- Developer: Daniel Wright
- Publisher: Daniel Wright
- Engine: Microsoft XNA
- Platform: Microsoft Windows
- Release: WW: January 26, 2016;
- Genre: Action role-playing
- Mode: Single-player

= DarkMaus =

2016 role-playing video game

DarkMaus is an action role-playing video game developed by Daniel Wright. The game was released for Microsoft Windows via Steam on January 26, 2016.

== Plot ==
Dark Maus is set in the world of Hazath, which has become corrupted. It follows a lone mouse who sets out to discover what has happened.

== Gameplay ==
In Dark Maus, the combat is skill based. Weapons include swords and bows, and the player has the ability to shoot fireballs. As enemies will be much more powerful than the player, they will need to devise strategies to defeat them. The player will be punished for being greedy. When the player dies, a ghost character will appear to assist the player. Over time, the player can collect multiple ghosts, and choose which of their weapons they would like to use.

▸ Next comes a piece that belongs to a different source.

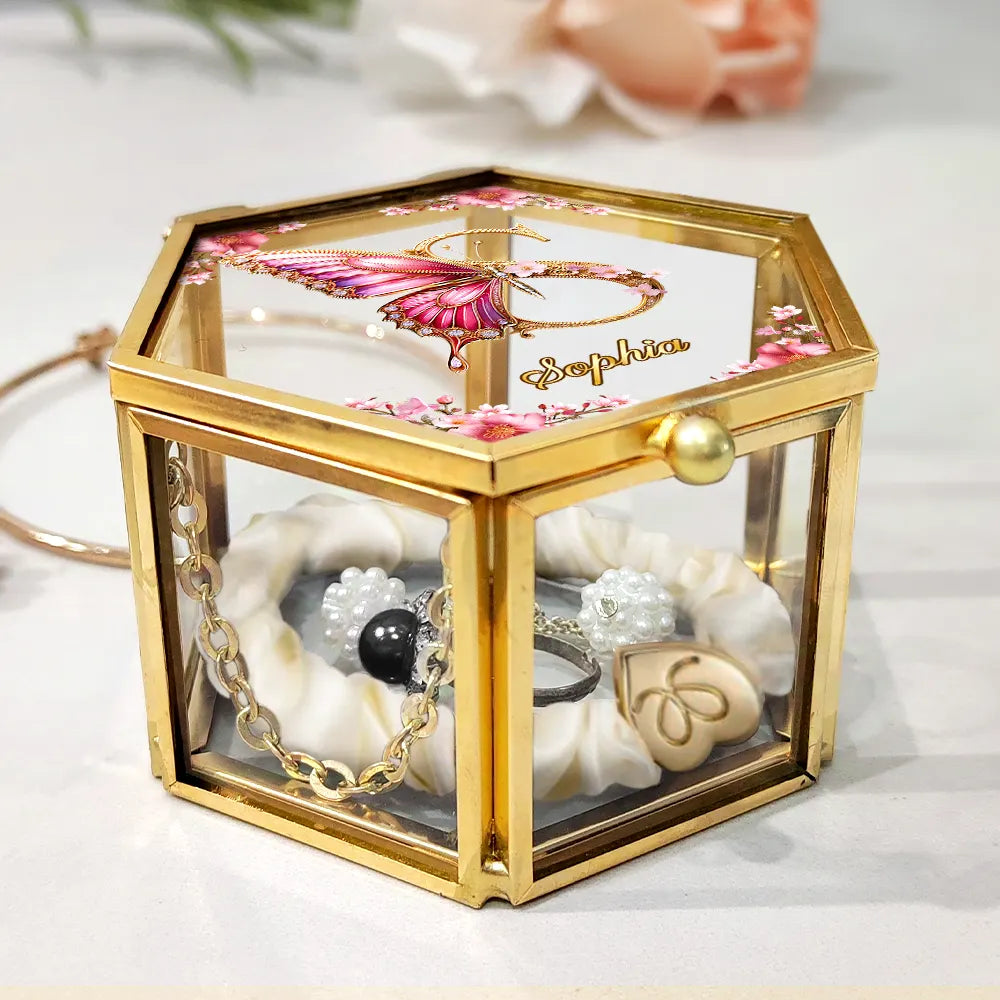 Embrace Elegance: Personalized Flower Butterfly Monogram Glass Jewelry Box Jewelry Box PopCulturePrints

The game begins with a steep difficulty curve, with the intention being for the player to be thoughtful about how to progress. There are multiple playstyles for the player to adopt, each with their own strengths and weaknesses.

== Development ==
DarkMaus concept was inspired by the Dark Souls series. The developer kept a blog in which they detailed the development process of the game. The first entry was added on March 6, 2014. An early version was released on Steam on September 10, 2015. It was designed to be played on an Xbox controller.

== Reception ==
DarkMaus holds an aggregated Metacritic score of 83/100 based on 5 critic reviews. Hardcore Gamer awarded it a score of 4 out of 5, saying "In DarkMaus, Daniel Wright has created a focused, challenging experience that successfully translates the core tenets of Dark Souls."